Die späteren Owner Walter O’Malley (Dodgers) und Horace Stoneham (GIants) verstanden sich offenbar deutlich besser und begriffen die vorhandene Rivalität als finanziellen Vorteil für beide Seiten. Anders dürfte es kaum zu erklären sein, dass die beiden 1958 gemeinsam an den Bürgermeister von San Francisco herantraten, um ihn für die Aufnahme der Giants zu gewinnen, nachdem der Umzug der Dodgers nach Los Angeles bereits beschlossene Sache war. Der Plan ging auf. Trotz massiver Proteste der New Yorker Fans verließen beide Teams im gleichen Jahr die Metropole gen Westen und die traditionelle Rivalität übertrug sich nahtlos auf die neuen Standorte, wo sie bis heute intensiv gepflegt und gelebt wird.

Verblüffenderweise trafen die Dodgers und die Giants in all der Zeit seit 1889 nie wieder in den Playoffs aufeinander und bis 2014 schafften sie es sogar niemals im gleichen Jahr in die Postseason. Was es allerdings gab, waren zwei Tiebreak-Serien, nachdem die Dodgers und die Giants 1951 und 1962 am Ende der regulären Saison gleichauf an der Tabellenspitze gestanden hatten. In beiden Jahren waren es die Giants, die zunächst in der Endphase der Saison einen Vorsprung der Dodgers aufholten und dann eine Best-of-Three-Entscheidung mit 2:1 für sich erreichten.

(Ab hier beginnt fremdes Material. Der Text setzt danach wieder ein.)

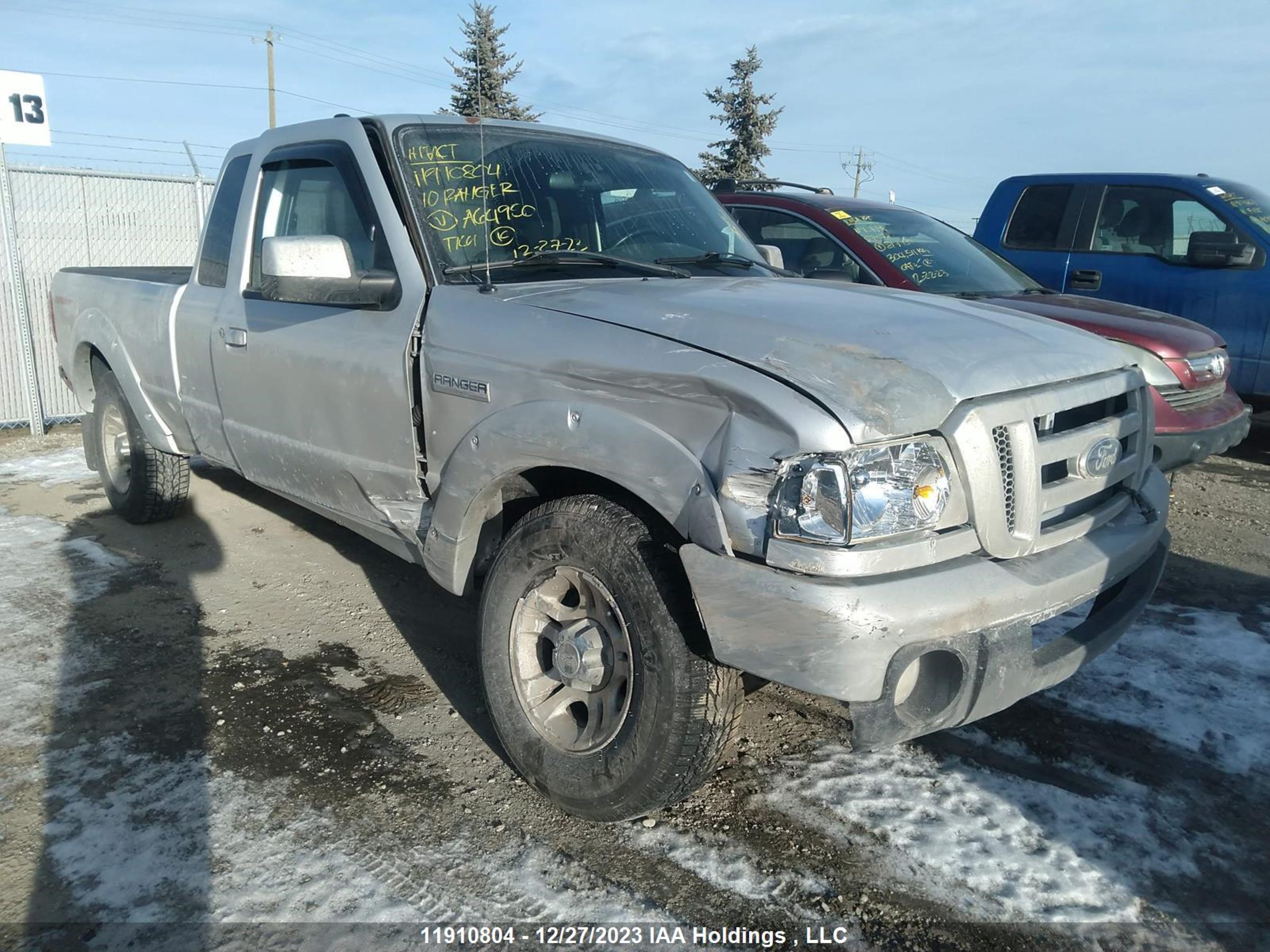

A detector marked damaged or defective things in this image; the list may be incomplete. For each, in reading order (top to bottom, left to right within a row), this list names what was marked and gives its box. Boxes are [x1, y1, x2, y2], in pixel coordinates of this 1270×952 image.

cracked headlight [775, 438, 952, 543]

Obwohl in den besonders wichtigen Zusammentreffen 1889, 1951 und 1962 die Giants die Oberhand behielten, ist die Rivalität insgesamt betrachtet immer sehr ausgeglichen gewesen. Seit 1890 sind die beiden Teams 2449-mal aufeinander getroffen und damit öfter als jedes andere Paar von Major-League-Mannschaften. Dabei gewannen 1232-mal die Giants und 1200-mal die Dodgers, 17 Spiele fanden keine Entscheidung. Die Giants scorten in diesen Spielen 10548 Runs, die Dodgers 10456, was gerundet jeweils 4,3 Runs pro Spiel entspricht. Die punktereichste Partie und zugleich der höchste Sieg ging am 30. April 1944 mit 26:8 an die Giants. Betrachtet man nur die Zeit seit dem Umzug beider Teams an die Westküste, so führen die Dodgers mit 529 zu 510 Siegen.